Dichagyris flammatra, the black collar, is a moth of the family Noctuidae. The species was first described by Michael Denis and Ignaz Schiffermüller in 1775. It is found in central and southern Europe, Morocco, Algeria, Egypt, western Siberia, Armenia, the Caucasus, Turkey, Lebanon, Syria, Iraq, Iran, Tibet, Afghanistan and northern India.

==Description==
The wingspan is 42–50 mm. Warren (1914) states R. flammatra Schiff. (= deleta Roll., basiclavis Walk., bimaculata Mill.) (9g).

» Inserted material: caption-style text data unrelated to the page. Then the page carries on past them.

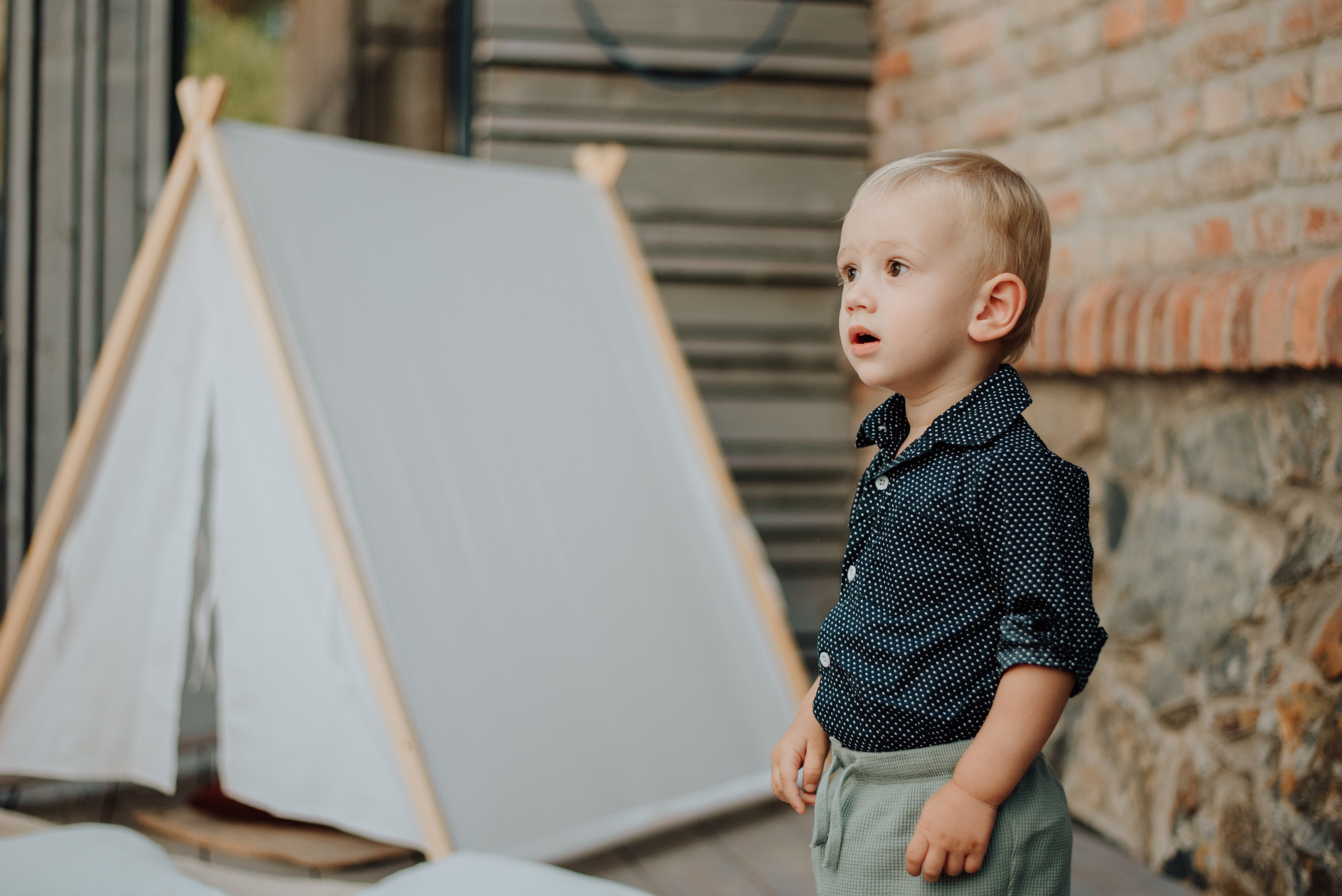 Czech and Portugal Photographer. Lifestyle, wedding and family photographer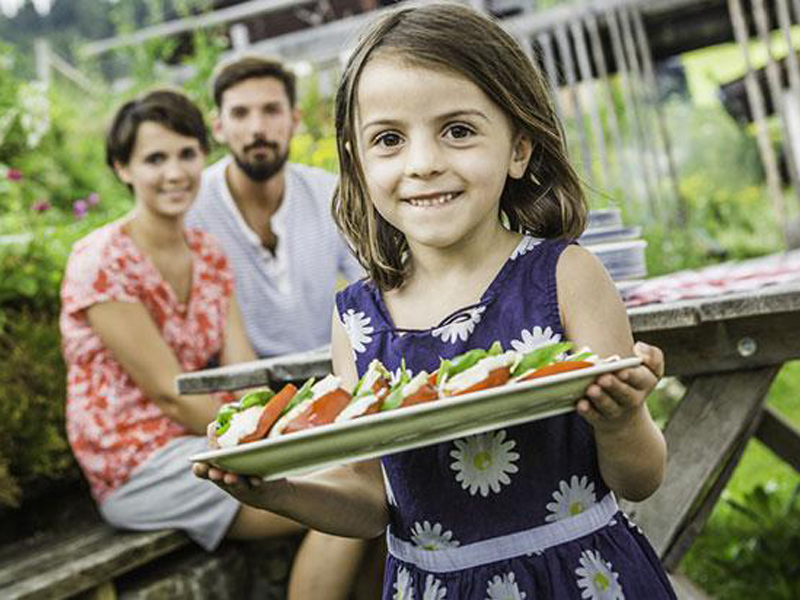 Nutricionista recomenda ainda que os pais tornem a alimentação saudável uma fonte de prazer - Getty Images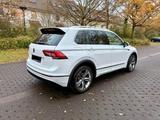 Volkswagen Tiguan 2.0 TDI SCR 140kW DSG BMT 4MOT Highli... - VW Tiguan Gebrauchtwagen in Wiesbaden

Forewing grey with a brown or lilac tinge; costa towards base paler; a submedian basal streak, the base of cell, and the upper
half of tegulae velvety black; orbicular and reniform stigmata large and grey, the cell between them, sometimes dark; markings variable in intensity; hindwing ochreous fuscous, paler at base. A large species with elongate wings, widely spread through Europe, but rarer northwards; in W.Asia it occurs in Kashmir, Persia, Asia Minor and the Altai Mts. in W. Siberia. — Larva green, with pale lateral streaks; on various low plants.

==Biology==
Adults are on wing from May to June and from August to September depending on the location. There are two generations per year.

The larvae feed on wild strawberry and dandelion.